La situazione è drammatica. Il blocco dei tir sta causando numerosi disagi in tutto il Paese. Numerose le polemiche. In un comunicato è intervenuta anche Coldiretti. “Sono a rischio 50 milioni di euro di prodotti alimentari deperibili al giorno tra latte, fiori, frutta e verdura che quotidianamente lasciamo le aziende agricole e le stalle per raggiungere i mercati e le industrie di trasformazione per poi arrivare sugli scaffali dei negozi e dei supermercati”.

“La situazione di difficoltà dell’economia è reale, a partire dal caro gasolio che è costato solo alle aziende agricole 400 milioni di euro in un anno, ma la crisi in queste condizioni rischia di aggravarsi e occorre far ripartire al più presto la circolazione”.

La protesta dei tir si estende dunque in tutte le regioni da Nord a Sud. Blocchi davanti alla raffineria di Saras. Nel Lazio, in Ciociaria, manca la benzina. Situazione critica anche a Napoli e in Calabria.

E mentre in tutte le città italiane si assiste a terribibili code davanti ai benzinai, mandando in tilt il traffico, la preoccupazione più grande va ai generi alimentari.

Gli autotrasportatori continuano a bloccare la A3 e i molti supermercati e farmacie le scorte stanno terminando. Il latte prodotto andrà distrutto.

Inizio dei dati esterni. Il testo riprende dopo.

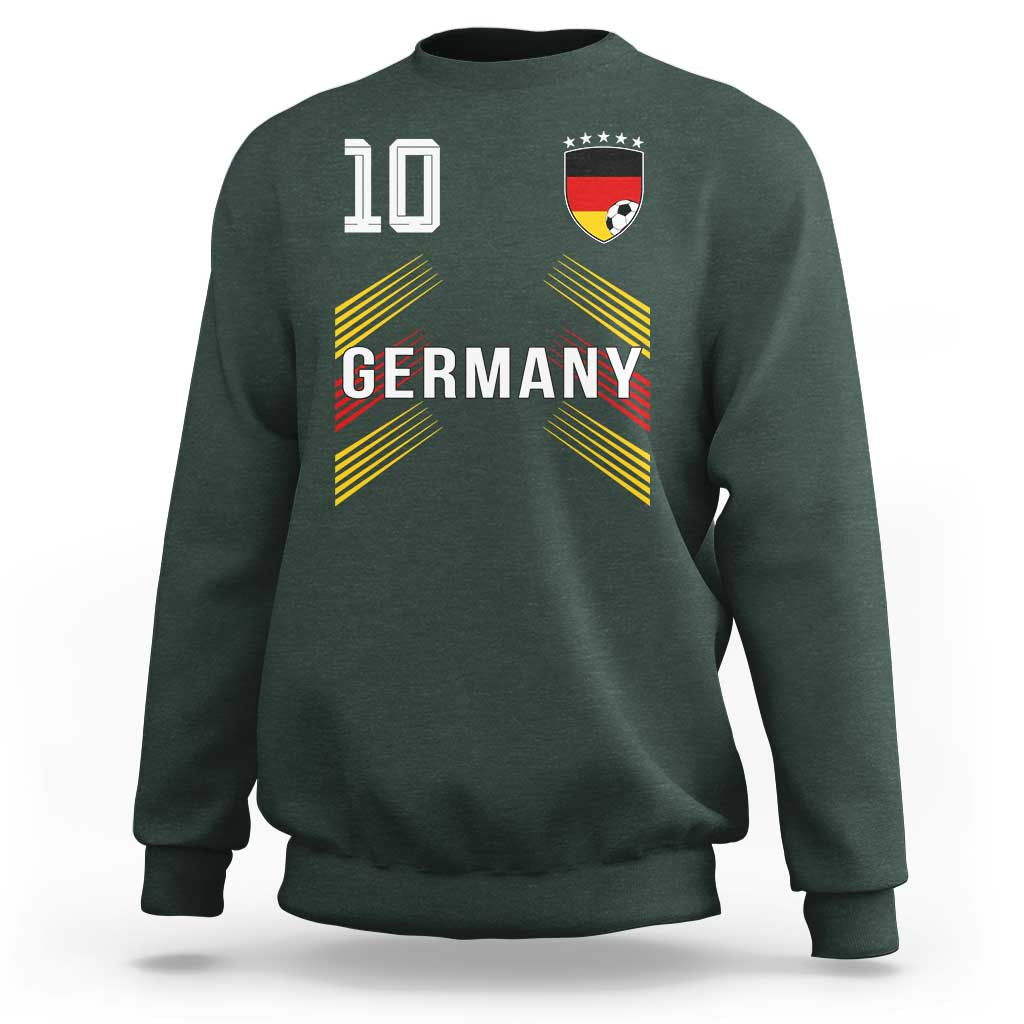 Germany Soccer Sports Graphic Number 10 Jersey Style Sweatshirt Proud German Football Fans Game Day Pride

Presidi e blocchi in Liguria, Lombardia, Emilia-Romagna.


Queste invece le parole del segretario della Cgil, Susanna Camusso: “La protesta va organizzata in modo che non violi diritti e non impedisca agli altri cittadini di potersi muovere.

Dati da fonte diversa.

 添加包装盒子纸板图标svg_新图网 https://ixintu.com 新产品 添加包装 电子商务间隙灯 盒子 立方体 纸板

In questo caso mi pare che abbiamo superato un limite di relazione positiva”.Blocco tir: ultime notizie polemiche, danno da 50 mln

“Da un lato c’è il tema di come fare le proteste, dall’altro un problema che riguarda tutti cittadini: il prezzo della benzina, che non può continuare a essere uno strumento di cassa”.